#Odebrechting – an Easter egg in the Brazilian media

Irma Palmieri as Dilma

Dilma Palmieri

Dilma Rousseff, the current President of Brazil, is leading a crumbling government, what with her poll ratings in the tweens. It’s always fun to see a chavista ally eating crow, particularly one as important for Venezuela as Rousseff.

But you know what I enjoy the most about this debacle? Brazil, with its lively democracy, its relatively unencumbered institutions, and its free press, shows us what Hugo Chávez could have become … but was too smart to let happen.

Unlike Rousseff, Chávez made sure that his ascent into a populist throne was accompanied by the squashing of anyone with real power to threaten his rule. That is why the media, the prosecutors, the judges, the military, and private businesses were all pretty much subjugated to the whims of chavismo. It’s not perchance that we really don’t have independent institutions in Venezuela any more.

Rousseff and her predecessor, Lula, could not (or, to their credit, perhaps did not want to) follow this path. The trickle trickle of scandals hitting Rousseff each week is proof that Brazil’s democracy retains a pulse. It may even be lively enough to bring her down in the coming months.

The latest scandal came today courtesy of the Brazilian weekly Época. In the article, we learn that the Brazilian Comptroller’s Office (TCU) is investigating corruption involving contracts given directly by Hugo Chávez – thanks to the intercession of Lula – to Brazilian construction firm Odebrecht for several Metro projects in Venezuela.

There appears to be a huge mismatch between the amounts disbursed by Brazil’s state-owned National Development Bank (BNDES) to Odebrecht and the work actually carried out, prompting us to wonder … who could have possibly pocketed the change …?

Here is the value added: (my translation from the Portuguese)
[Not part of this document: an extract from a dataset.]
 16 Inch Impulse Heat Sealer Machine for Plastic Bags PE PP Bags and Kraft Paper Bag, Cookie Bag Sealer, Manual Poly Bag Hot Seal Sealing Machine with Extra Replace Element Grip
“The loan orchestrated by Lula and Chávez raises two main suspicions. The first has to do with the way in which the BNDES loan was approved. In order to free up the US$747 million for the project, the bank ignored its own rules by doing away with Odebrecht’s obligatory warranties, instead assuming the risk of default far above the limits established in its own statutes. The second indication of irregularities that the TCU detected is related to the “mismatch between the physical progress of the project and its financial disbursements.” In other words, BNDES sent money to Odebrecht while, at the same time, the work was not progressing in the same manner. That way, balances were accumulated overseas, and these balances were pocketed by the Venezuelan government and then passed on to the contractor to make a bit of progress. According to the TCU, close to US$201 million were given “in anticipation, without any justification related to the progress” of the project of the Los Teques metro, the most expensive of the projects Between January and April of 2010, Odebrecht had only spent 8.15% of the total value of the project while, at the same time, it was receiving hundreds of millions of dollars from the BNDES coffers, which it shared with the Venezuelan government.”

We’ve long been fans of the slick way in which Odebrecht does business in Venezuela, and there are extensive links between the Brazilian construction giant and Brazilian politics.
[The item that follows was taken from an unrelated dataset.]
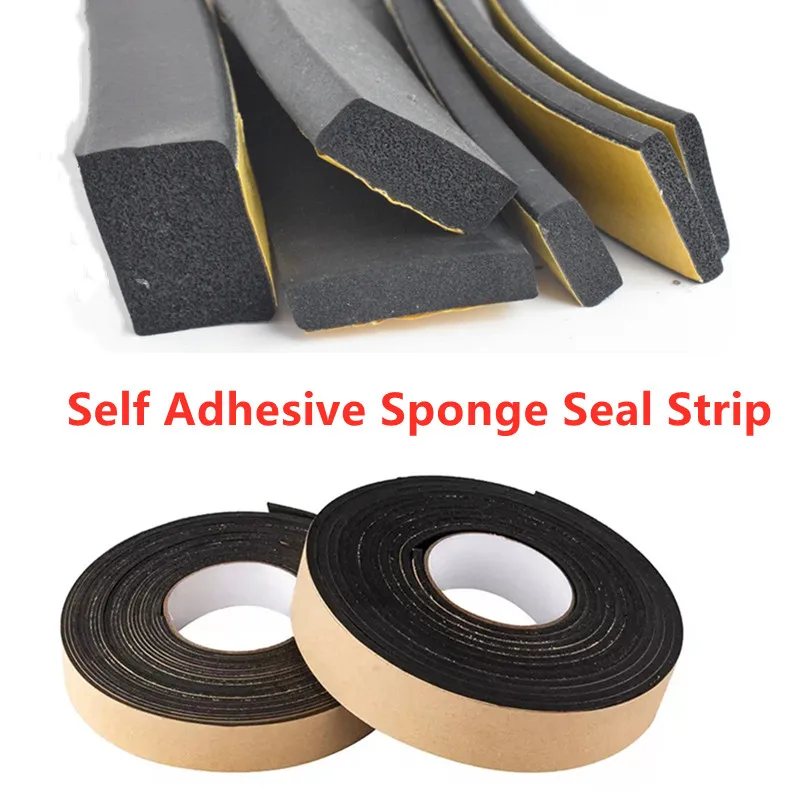 Rubber Self Adhesive Sponge Seal Strip EVA black Single sided seal strip Soundproof anti-collision foam tape Gasket stickers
While this new scandal will barely register in Venezuela’s public sphere, at least it helps shed some light as to why the plight of Venezuelan democracy gets such little attention from the leaders of our South American neighbors.

24 thoughts on “#Odebrechting – an Easter egg in the Brazilian media

  1. If the day comes when Rousseff is impeached on corruption charges… that could be even better than the 7-1.

    I think it is curious that people like Rousseff and Bachelet could survive torture with their dignity intact… only to lose it voluntarily to Hugo and his millions.

    You see, their dignity could not be taken by force, it had to be bought with hard currency.

    If the military had known dirty wars wasn’t necessary but money was enough. This is where Lee Kuan Yew was intelligent and Pinochet stupid.


  2. No colectivos in Brazil to murder the opposition and no control of the police/military by the Cuban mafia like in Venezuela. Big difference.


  3. “it helps shed some light as to why the plight of Venezuelan democracy gets such little attention from the leaders of our South American neighbors.”.

    Exactly. There’s tons of corruption and theft in every country, even the USA, or Singapore, or Europe.. But there are certain countries that are just waaaayyy out of control, mostly in Africa and M. East Arguably, with Vzla as the very worst, overall, in spite of what some say on the public sector:


    With a low population and lots of Oil, Vzla can bribe other countries worldwide, literally. Entirely. Buy their silence and even their support. Even the USA and Europe. Brasil can’t afford to do that.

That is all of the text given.